■ **DIRECTIONS FOR THIS TASK**
Scan the records for the word "Image". Copy each line that includes it.

■ **PROVIDED MATERIAL**
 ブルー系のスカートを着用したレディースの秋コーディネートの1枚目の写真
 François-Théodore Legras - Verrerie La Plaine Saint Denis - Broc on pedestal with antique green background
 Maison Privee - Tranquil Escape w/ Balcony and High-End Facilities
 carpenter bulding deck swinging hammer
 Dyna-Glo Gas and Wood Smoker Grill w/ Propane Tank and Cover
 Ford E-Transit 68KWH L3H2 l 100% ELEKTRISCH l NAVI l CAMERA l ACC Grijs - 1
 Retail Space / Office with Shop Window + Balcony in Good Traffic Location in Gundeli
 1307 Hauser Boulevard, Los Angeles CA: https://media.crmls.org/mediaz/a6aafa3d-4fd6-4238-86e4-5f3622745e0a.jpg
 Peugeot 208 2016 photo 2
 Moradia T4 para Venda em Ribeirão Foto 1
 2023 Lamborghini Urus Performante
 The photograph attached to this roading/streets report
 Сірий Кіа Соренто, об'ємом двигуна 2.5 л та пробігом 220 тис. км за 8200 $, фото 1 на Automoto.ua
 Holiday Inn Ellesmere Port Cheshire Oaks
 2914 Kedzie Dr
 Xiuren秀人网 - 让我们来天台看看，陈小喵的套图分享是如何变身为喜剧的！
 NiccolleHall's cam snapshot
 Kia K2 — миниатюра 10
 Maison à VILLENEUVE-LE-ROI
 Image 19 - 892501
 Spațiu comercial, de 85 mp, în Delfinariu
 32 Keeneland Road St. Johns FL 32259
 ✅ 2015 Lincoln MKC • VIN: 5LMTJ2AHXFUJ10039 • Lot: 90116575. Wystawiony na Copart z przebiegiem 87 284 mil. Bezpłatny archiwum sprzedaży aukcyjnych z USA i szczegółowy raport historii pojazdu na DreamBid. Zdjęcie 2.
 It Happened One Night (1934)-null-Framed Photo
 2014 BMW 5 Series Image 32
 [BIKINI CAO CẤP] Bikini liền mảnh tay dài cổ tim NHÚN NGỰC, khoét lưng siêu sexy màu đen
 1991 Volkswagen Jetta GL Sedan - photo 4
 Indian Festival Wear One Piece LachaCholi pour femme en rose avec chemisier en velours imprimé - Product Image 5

■ **RESULT OF THIS EXERCISE**
 Image 19 - 892501
 2014 BMW 5 Series Image 32
 Indian Festival Wear One Piece LachaCholi pour femme en rose avec chemisier en velours imprimé - Product Image 5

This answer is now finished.